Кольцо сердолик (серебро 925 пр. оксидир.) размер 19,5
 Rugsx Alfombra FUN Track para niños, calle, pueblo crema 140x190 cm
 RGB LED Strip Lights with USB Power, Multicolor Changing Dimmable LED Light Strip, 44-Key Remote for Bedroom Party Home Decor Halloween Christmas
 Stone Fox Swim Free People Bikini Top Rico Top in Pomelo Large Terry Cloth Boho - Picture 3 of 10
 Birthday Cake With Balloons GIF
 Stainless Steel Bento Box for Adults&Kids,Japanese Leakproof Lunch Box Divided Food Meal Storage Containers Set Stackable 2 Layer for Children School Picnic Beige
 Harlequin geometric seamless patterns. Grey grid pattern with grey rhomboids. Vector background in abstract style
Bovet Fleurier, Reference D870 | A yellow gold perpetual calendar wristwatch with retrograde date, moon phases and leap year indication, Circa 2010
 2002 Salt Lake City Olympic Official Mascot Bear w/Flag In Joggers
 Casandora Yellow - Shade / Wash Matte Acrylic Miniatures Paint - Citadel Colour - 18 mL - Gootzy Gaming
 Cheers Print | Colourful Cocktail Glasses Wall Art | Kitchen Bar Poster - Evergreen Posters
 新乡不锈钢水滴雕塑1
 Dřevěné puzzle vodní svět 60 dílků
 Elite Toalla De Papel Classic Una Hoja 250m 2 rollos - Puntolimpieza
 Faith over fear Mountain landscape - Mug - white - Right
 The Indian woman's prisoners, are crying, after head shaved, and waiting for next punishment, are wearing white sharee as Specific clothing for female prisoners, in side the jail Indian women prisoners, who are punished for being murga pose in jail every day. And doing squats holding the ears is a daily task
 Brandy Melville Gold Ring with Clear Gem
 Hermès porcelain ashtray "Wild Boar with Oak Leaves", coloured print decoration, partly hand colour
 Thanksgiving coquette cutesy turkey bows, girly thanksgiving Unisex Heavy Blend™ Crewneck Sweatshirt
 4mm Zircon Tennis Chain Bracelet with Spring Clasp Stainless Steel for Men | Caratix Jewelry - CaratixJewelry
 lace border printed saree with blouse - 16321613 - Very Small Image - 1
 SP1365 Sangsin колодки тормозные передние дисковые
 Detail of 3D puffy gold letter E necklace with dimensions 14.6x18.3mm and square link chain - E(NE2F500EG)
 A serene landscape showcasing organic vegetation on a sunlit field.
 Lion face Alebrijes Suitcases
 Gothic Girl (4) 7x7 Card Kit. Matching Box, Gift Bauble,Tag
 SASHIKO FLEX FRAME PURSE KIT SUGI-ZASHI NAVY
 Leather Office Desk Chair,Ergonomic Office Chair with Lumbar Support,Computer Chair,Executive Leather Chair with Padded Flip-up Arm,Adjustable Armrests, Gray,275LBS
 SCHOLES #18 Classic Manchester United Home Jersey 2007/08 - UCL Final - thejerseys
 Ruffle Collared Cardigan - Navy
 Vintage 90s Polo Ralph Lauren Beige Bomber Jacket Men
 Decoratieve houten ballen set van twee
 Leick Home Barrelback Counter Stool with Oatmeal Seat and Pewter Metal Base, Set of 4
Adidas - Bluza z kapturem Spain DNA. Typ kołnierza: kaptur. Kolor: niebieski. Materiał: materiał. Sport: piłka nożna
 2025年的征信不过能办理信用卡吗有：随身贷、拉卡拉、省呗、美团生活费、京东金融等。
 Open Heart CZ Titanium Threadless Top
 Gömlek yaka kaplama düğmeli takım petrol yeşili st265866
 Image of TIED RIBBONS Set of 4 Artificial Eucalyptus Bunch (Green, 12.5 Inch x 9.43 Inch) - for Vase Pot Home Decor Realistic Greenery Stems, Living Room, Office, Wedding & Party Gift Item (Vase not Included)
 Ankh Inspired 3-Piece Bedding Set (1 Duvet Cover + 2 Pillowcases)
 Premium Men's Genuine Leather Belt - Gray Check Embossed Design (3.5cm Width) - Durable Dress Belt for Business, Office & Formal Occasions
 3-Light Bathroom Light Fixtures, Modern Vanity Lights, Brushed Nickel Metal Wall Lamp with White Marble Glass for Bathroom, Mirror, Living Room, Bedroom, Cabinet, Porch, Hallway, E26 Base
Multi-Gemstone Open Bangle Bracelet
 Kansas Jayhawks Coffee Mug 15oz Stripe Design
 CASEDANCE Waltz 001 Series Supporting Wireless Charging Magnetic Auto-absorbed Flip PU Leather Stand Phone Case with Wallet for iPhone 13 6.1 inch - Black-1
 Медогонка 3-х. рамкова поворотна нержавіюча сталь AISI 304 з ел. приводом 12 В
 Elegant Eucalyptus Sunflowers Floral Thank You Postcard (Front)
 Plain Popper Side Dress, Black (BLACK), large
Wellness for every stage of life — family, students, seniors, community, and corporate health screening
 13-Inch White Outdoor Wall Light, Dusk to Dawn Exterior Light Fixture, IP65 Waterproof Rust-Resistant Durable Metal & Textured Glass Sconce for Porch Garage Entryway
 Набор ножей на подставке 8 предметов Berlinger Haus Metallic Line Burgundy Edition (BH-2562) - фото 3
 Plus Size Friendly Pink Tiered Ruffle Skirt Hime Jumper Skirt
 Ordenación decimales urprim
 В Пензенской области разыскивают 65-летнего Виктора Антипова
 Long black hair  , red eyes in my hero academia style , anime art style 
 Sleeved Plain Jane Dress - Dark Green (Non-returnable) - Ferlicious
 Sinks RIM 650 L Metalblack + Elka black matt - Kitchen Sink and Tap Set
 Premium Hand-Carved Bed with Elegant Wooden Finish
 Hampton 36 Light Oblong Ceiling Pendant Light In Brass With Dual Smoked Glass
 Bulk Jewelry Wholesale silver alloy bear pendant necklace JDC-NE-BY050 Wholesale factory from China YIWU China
——————————
▸ Task requirements
Please output the material above exactly as it reads.

▸ Answer area
Кольцо сердолик (серебро 925 пр. оксидир.) размер 19,5
 Rugsx Alfombra FUN Track para niños, calle, pueblo crema 140x190 cm
 RGB LED Strip Lights with USB Power, Multicolor Changing Dimmable LED Light Strip, 44-Key Remote for Bedroom Party Home Decor Halloween Christmas
 Stone Fox Swim Free People Bikini Top Rico Top in Pomelo Large Terry Cloth Boho - Picture 3 of 10
 Birthday Cake With Balloons GIF
 Stainless Steel Bento Box for Adults&Kids,Japanese Leakproof Lunch Box Divided Food Meal Storage Containers Set Stackable 2 Layer for Children School Picnic Beige
 Harlequin geometric seamless patterns. Grey grid pattern with grey rhomboids. Vector background in abstract style
Bovet Fleurier, Reference D870 | A yellow gold perpetual calendar wristwatch with retrograde date, moon phases and leap year indication, Circa 2010
 2002 Salt Lake City Olympic Official Mascot Bear w/Flag In Joggers
 Casandora Yellow - Shade / Wash Matte Acrylic Miniatures Paint - Citadel Colour - 18 mL - Gootzy Gaming
 Cheers Print | Colourful Cocktail Glasses Wall Art | Kitchen Bar Poster - Evergreen Posters
 新乡不锈钢水滴雕塑1
 Dřevěné puzzle vodní svět 60 dílků
 Elite Toalla De Papel Classic Una Hoja 250m 2 rollos - Puntolimpieza
 Faith over fear Mountain landscape - Mug - white - Right
 The Indian woman's prisoners, are crying, after head shaved, and waiting for next punishment, are wearing white sharee as Specific clothing for female prisoners, in side the jail Indian women prisoners, who are punished for being murga pose in jail every day. And doing squats holding the ears is a daily task
 Brandy Melville Gold Ring with Clear Gem
 Hermès porcelain ashtray "Wild Boar with Oak Leaves", coloured print decoration, partly hand colour
 Thanksgiving coquette cutesy turkey bows, girly thanksgiving Unisex Heavy Blend™ Crewneck Sweatshirt
 4mm Zircon Tennis Chain Bracelet with Spring Clasp Stainless Steel for Men | Caratix Jewelry - CaratixJewelry
 lace border printed saree with blouse - 16321613 - Very Small Image - 1
 SP1365 Sangsin колодки тормозные передние дисковые
 Detail of 3D puffy gold letter E necklace with dimensions 14.6x18.3mm and square link chain - E(NE2F500EG)
 A serene landscape showcasing organic vegetation on a sunlit field.
 Lion face Alebrijes Suitcases
 Gothic Girl (4) 7x7 Card Kit. Matching Box, Gift Bauble,Tag
 SASHIKO FLEX FRAME PURSE KIT SUGI-ZASHI NAVY
 Leather Office Desk Chair,Ergonomic Office Chair with Lumbar Support,Computer Chair,Executive Leather Chair with Padded Flip-up Arm,Adjustable Armrests, Gray,275LBS
 SCHOLES #18 Classic Manchester United Home Jersey 2007/08 - UCL Final - thejerseys
 Ruffle Collared Cardigan - Navy
 Vintage 90s Polo Ralph Lauren Beige Bomber Jacket Men
 Decoratieve houten ballen set van twee
 Leick Home Barrelback Counter Stool with Oatmeal Seat and Pewter Metal Base, Set of 4
Adidas - Bluza z kapturem Spain DNA. Typ kołnierza: kaptur. Kolor: niebieski. Materiał: materiał. Sport: piłka nożna
 2025年的征信不过能办理信用卡吗有：随身贷、拉卡拉、省呗、美团生活费、京东金融等。
 Open Heart CZ Titanium Threadless Top
 Gömlek yaka kaplama düğmeli takım petrol yeşili st265866
 Image of TIED RIBBONS Set of 4 Artificial Eucalyptus Bunch (Green, 12.5 Inch x 9.43 Inch) - for Vase Pot Home Decor Realistic Greenery Stems, Living Room, Office, Wedding & Party Gift Item (Vase not Included)
 Ankh Inspired 3-Piece Bedding Set (1 Duvet Cover + 2 Pillowcases)
 Premium Men's Genuine Leather Belt - Gray Check Embossed Design (3.5cm Width) - Durable Dress Belt for Business, Office & Formal Occasions
 3-Light Bathroom Light Fixtures, Modern Vanity Lights, Brushed Nickel Metal Wall Lamp with White Marble Glass for Bathroom, Mirror, Living Room, Bedroom, Cabinet, Porch, Hallway, E26 Base
Multi-Gemstone Open Bangle Bracelet
 Kansas Jayhawks Coffee Mug 15oz Stripe Design
 CASEDANCE Waltz 001 Series Supporting Wireless Charging Magnetic Auto-absorbed Flip PU Leather Stand Phone Case with Wallet for iPhone 13 6.1 inch - Black-1
 Медогонка 3-х. рамкова поворотна нержавіюча сталь AISI 304 з ел. приводом 12 В
 Elegant Eucalyptus Sunflowers Floral Thank You Postcard (Front)
 Plain Popper Side Dress, Black (BLACK), large
Wellness for every stage of life — family, students, seniors, community, and corporate health screening
 13-Inch White Outdoor Wall Light, Dusk to Dawn Exterior Light Fixture, IP65 Waterproof Rust-Resistant Durable Metal & Textured Glass Sconce for Porch Garage Entryway
 Набор ножей на подставке 8 предметов Berlinger Haus Metallic Line Burgundy Edition (BH-2562) - фото 3
 Plus Size Friendly Pink Tiered Ruffle Skirt Hime Jumper Skirt
 Ordenación decimales urprim
 В Пензенской области разыскивают 65-летнего Виктора Антипова
 Long black hair  , red eyes in my hero academia style , anime art style 
 Sleeved Plain Jane Dress - Dark Green (Non-returnable) - Ferlicious
 Sinks RIM 650 L Metalblack + Elka black matt - Kitchen Sink and Tap Set
 Premium Hand-Carved Bed with Elegant Wooden Finish
 Hampton 36 Light Oblong Ceiling Pendant Light In Brass With Dual Smoked Glass
 Bulk Jewelry Wholesale silver alloy bear pendant necklace JDC-NE-BY050 Wholesale factory from China YIWU China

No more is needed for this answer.